AK-type stability theorems on cross t-intersecting families

TL;DR

This paper establishes stability theorems for cross t-intersecting families of subsets, determining maximum product measures under certain conditions and providing stronger stability results for these combinatorial structures.

Contribution

It introduces new stability theorems for cross t-intersecting families, extending classical results by quantifying how close families are to extremal configurations.

Findings

Maximum product measure determined for large t and specific p ranges.

Stability results show near-extremal families resemble extremal configurations.
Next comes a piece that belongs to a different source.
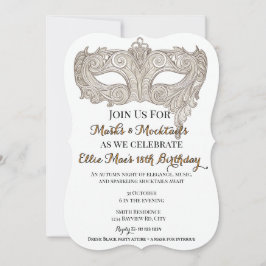 Masker och docksvansar Guld Masquerafödelsedagen Inbjudningar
Provides bounds and conditions for cross t-intersecting families' measures.

Abstract

Two families, ${\mathcal A}$ and ${\mathcal B}$, of subsets of $[n]$ are cross $t$-intersecting if for every $A \in {\mathcal A}$ and $B \in {\mathcal B}$, $A$ and $B$ intersect in at least $t$ elements. For a real number $p$ and a family ${\mathcal A}$ the product measure $\mu_p ({\mathcal A})$ is defined as the sum of $p^{|A|}(1-p)^{n-|A|}$ over all $A\in{\mathcal A}$. For every non-negative integer $r$, and for large enough $t$, we determine, for any $p$ satisfying $\frac r{t+2r-1}\leq p\leq\frac{r+1}{t+2r+1}$, the maximum possible value of $\mu_p ({\mathcal A})\mu_p ({\mathcal B})$ for cross $t$-intersecting families ${\mathcal A}$ and ${\mathcal B}$. In this paper we prove a stronger stability result which yields the above result.